* _DATA FOR REVIEW_

- Opening Delimiter -

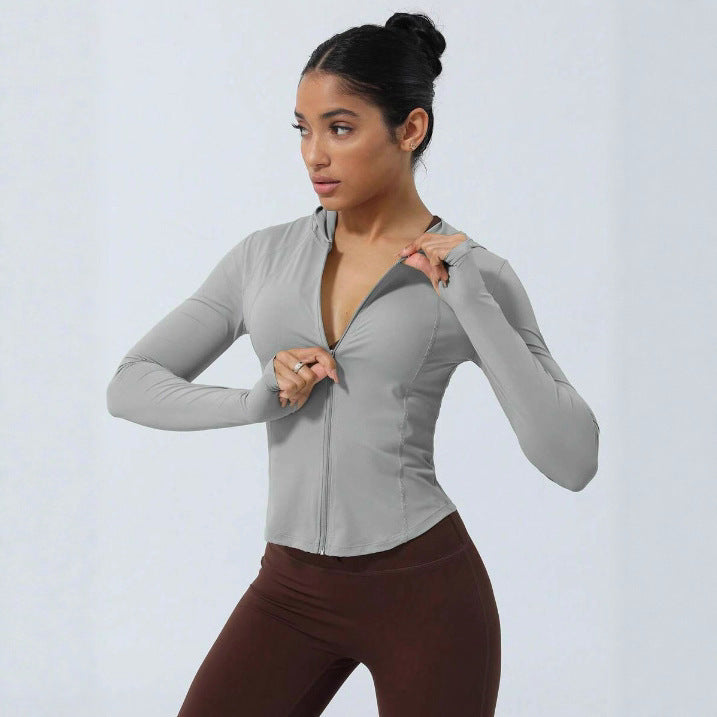 Women's sports jacket with practical thumb holes and an athletic cut Lune London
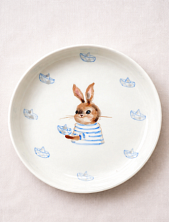 Тарелка ручной работы Ким керамика с бортиком Зайка с бумажными корабликами, белая, фарфор, 16 см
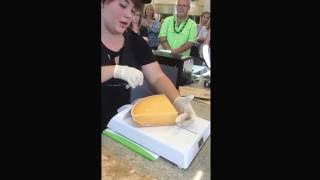 How to cut Beemster aged Gouda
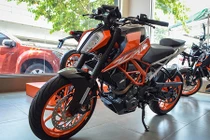 KTM 390 Duke 2018 về Việt Nam "đấu" Kawasaki Z300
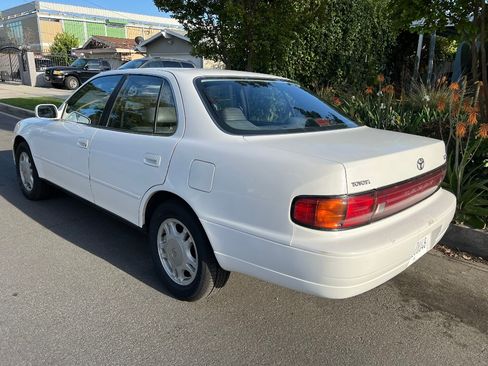 Used 1993 Toyota Camry XLE image 8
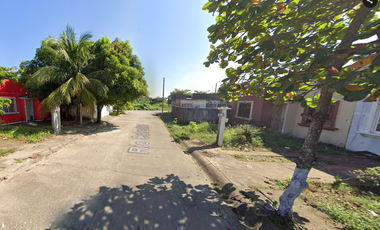 Excelente casa en Remante Bancario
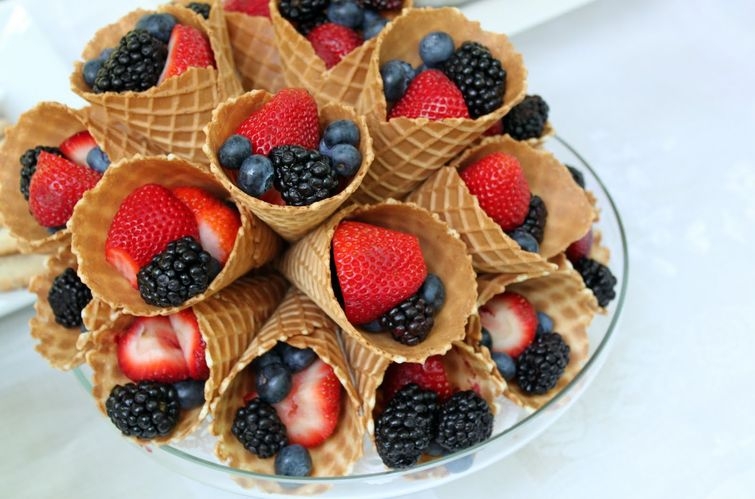 Идеальный десерт для пикника: зефир, поджаренный на костре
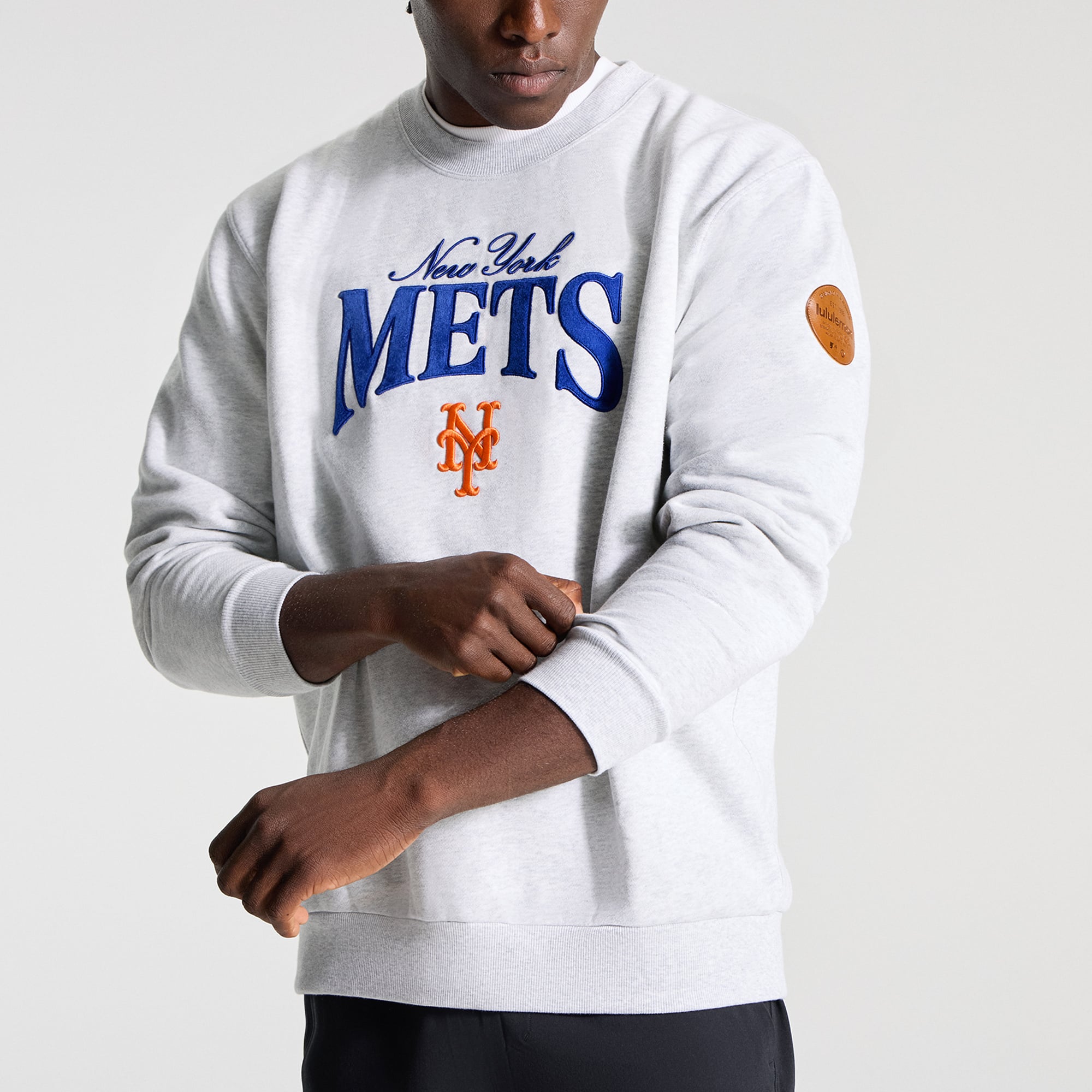 Sweat-shirt Steady State gris chiné ultra clair pour homme de lululemon, modèle Heathered Core, des Mets New York.
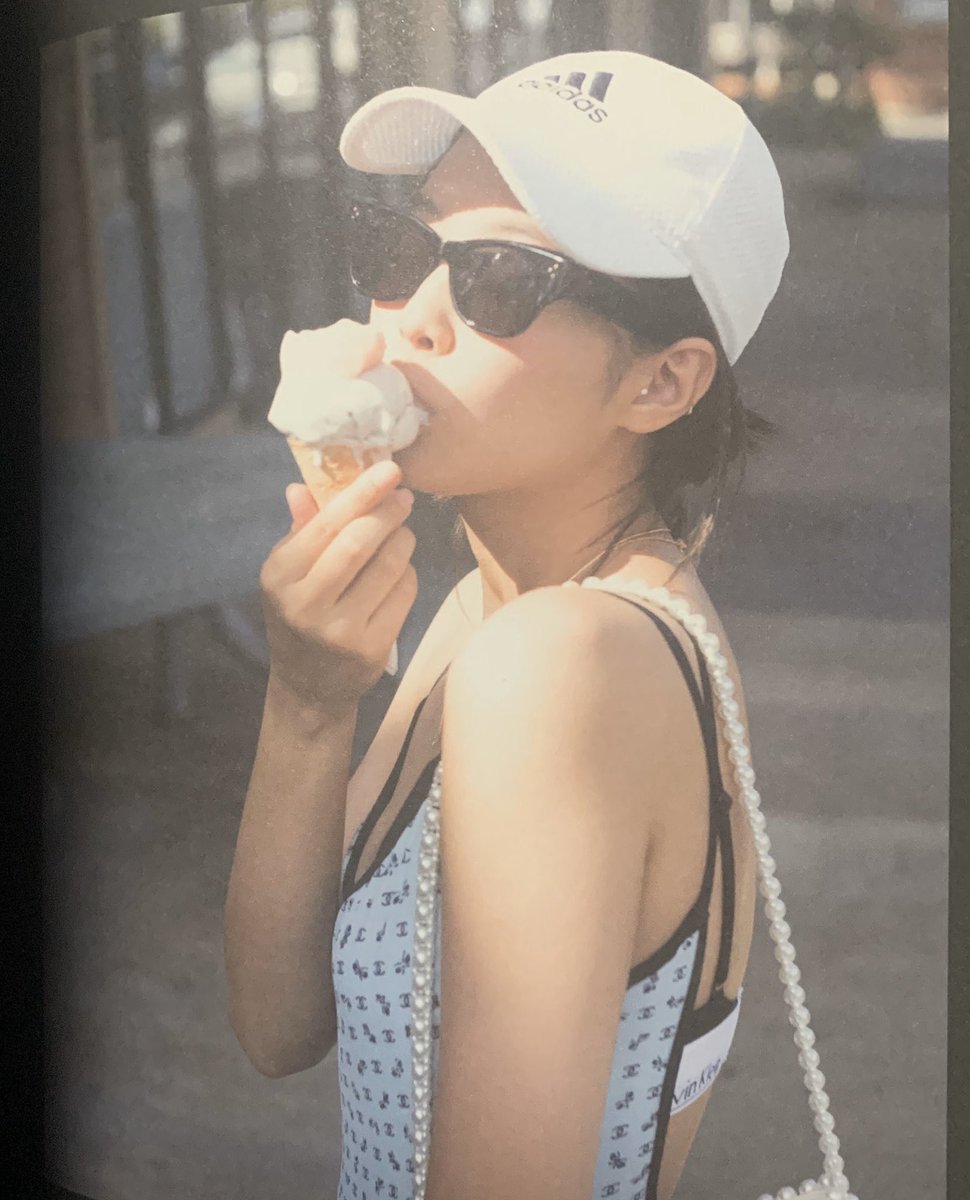 tjruby_'s tweet photo. รูปนี้รูปเดียวแต่ไอเท็มที่เจนนี่ใส่มี Chanel, Adidas, Calvin Klien, Gentle Momster ยอมมม https://t.co/WjWEaQnefU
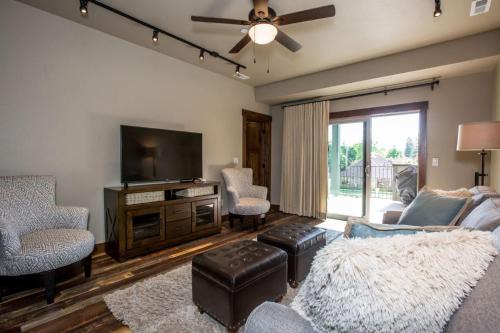 Whitefish House | Baker Loft 203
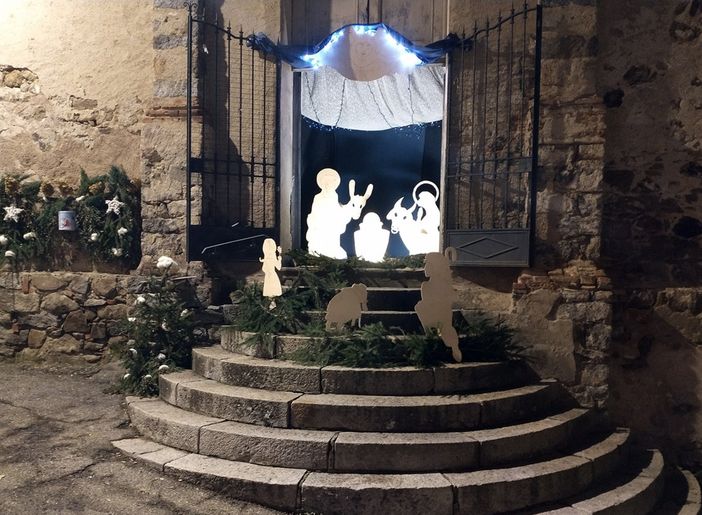 Da “Su Nuraghe”, poesia di Nicola Loi “Semper in gherra/ Sempre in guerra” Da “Su Nuraghe”, poesia di Nicola Loi “Semper in gherra/ Sempre in guerra”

- Closing Delimiter -

* _ASSIGNED TASK_
Write out the lines from the line with "tjruby_'s tweet photo." through the end of the records exactly; do not include pictures or any other lines.

* _SOLUTION TO THIS EXERCISE_
 tjruby_'s tweet photo. รูปนี้รูปเดียวแต่ไอเท็มที่เจนนี่ใส่มี Chanel, Adidas, Calvin Klien, Gentle Momster ยอมมม https://t.co/WjWEaQnefU
 Whitefish House | Baker Loft 203
 Da “Su Nuraghe”, poesia di Nicola Loi “Semper in gherra/ Sempre in guerra” Da “Su Nuraghe”, poesia di Nicola Loi “Semper in gherra/ Sempre in guerra”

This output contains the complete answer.